4. A suggestion to *not* have a separate scheme ("filedata:") in lieu of
urn:uuid:<uuid> has been the basis of a rewrite of that feature in
this version of the specification.
I would like to see implementation feedback on this. I don't understand
why we would want to assign semantics to urn:uuid: URLs that are so
specific -- that seems completely wrong. It also seems really awkward from
an implementation perspective to forgo the normal extension mechanism
(schemes) and have implementations give special (and non-trivial)
semantics to a subset of another scheme. Why are we doing this?
In general, this area is the one most likely to be fraught with contention.
For what it's worth, we started with a separate scheme called filedata:
, modeled after urn:uuid. (And you don't strictly need UUIDs -- any
identifier will do -- but it seemed advantageous to standardize an
easily coinable identifier). Can you explain why a *new scheme* is
better than reusing an *existing scheme?* The use case -- to have
"time-bound" ways to access file data on the web platform everywhere a
URL is used -- can probably be addressed with an existing scheme.
Coining a new scheme is non-trivial; is it absolutely necessary here?

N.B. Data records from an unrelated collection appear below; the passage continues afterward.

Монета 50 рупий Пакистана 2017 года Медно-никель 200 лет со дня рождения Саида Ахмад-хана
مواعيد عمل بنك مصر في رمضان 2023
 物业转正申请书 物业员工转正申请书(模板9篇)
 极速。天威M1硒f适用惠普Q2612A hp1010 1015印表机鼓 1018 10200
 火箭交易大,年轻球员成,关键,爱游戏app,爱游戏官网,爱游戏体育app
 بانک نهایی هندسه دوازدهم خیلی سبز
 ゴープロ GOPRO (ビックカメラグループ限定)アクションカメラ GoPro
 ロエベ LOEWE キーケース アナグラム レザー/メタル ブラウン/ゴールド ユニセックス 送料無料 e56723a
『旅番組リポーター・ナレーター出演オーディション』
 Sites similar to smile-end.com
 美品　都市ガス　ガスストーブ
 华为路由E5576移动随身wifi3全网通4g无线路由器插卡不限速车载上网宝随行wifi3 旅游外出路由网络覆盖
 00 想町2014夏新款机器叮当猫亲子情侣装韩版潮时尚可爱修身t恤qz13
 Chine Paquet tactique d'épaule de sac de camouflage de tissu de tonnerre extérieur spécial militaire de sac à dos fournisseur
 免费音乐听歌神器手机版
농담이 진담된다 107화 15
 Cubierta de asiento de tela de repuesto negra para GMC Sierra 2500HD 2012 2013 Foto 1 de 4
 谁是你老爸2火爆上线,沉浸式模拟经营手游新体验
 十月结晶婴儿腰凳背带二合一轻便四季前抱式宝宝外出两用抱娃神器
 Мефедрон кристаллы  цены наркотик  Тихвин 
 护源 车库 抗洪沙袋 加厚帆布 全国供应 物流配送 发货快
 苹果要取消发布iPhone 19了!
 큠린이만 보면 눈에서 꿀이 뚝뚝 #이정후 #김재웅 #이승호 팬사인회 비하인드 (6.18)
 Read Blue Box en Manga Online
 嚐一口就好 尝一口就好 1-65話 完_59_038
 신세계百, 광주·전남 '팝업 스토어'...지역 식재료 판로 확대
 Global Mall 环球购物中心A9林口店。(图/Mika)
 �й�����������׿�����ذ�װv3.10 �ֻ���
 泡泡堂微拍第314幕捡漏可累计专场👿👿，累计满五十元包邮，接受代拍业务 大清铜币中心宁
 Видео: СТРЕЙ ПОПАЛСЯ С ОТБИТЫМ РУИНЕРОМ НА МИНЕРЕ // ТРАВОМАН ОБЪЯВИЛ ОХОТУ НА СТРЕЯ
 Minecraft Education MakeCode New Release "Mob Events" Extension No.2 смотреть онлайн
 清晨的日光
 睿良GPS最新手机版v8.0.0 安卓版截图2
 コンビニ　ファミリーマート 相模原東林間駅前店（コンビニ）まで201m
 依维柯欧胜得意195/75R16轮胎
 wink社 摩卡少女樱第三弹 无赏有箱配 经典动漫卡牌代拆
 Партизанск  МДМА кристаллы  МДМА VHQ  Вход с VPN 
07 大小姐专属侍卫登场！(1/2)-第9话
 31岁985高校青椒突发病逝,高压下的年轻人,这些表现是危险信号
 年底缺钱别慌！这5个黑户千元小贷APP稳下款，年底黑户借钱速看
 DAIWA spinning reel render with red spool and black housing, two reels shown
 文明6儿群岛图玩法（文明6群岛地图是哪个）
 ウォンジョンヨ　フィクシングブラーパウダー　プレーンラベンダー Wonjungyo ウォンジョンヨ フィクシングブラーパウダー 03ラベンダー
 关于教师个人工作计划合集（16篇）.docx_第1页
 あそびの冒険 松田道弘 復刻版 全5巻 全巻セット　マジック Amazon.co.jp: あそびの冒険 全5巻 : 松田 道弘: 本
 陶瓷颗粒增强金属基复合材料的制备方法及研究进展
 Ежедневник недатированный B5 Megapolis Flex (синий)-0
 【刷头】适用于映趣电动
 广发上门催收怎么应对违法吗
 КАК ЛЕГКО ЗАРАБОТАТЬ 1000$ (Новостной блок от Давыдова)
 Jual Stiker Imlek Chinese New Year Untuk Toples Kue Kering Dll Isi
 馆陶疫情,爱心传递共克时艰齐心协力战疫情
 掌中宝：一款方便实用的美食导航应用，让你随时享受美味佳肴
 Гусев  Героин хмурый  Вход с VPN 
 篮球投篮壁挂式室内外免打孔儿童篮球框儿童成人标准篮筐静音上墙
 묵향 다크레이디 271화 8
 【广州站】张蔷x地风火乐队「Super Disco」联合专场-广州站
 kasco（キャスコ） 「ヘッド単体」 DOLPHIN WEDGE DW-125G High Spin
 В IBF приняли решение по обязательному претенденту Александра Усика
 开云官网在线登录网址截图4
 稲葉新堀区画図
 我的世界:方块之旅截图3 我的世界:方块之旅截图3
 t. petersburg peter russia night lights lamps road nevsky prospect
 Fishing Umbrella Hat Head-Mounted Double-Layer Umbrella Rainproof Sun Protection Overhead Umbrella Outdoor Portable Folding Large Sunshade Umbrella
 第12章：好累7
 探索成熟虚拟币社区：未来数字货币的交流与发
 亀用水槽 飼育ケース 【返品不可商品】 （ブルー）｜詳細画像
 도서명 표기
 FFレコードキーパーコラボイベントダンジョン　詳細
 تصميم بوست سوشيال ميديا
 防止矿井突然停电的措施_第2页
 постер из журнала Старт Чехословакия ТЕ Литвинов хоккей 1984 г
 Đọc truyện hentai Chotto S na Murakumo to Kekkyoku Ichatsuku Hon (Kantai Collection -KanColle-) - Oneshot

Your point about reusing a subset of HTTP for urn:uuid is valid, though,
and I've left this as an editor's note. We could have this behave like
a new and improved file:///, and specify how it works *without* status
codes. We could merely specify that the urn:uuid resource is retrieved
if valid (namely, that it meets the origin and lifetime stipulations),
or nothing is returned if invalid. Would this allay your queasiness
about reusing urn:uuid? Use cases for why request-response status codes
are needed for file retrieval would be useful.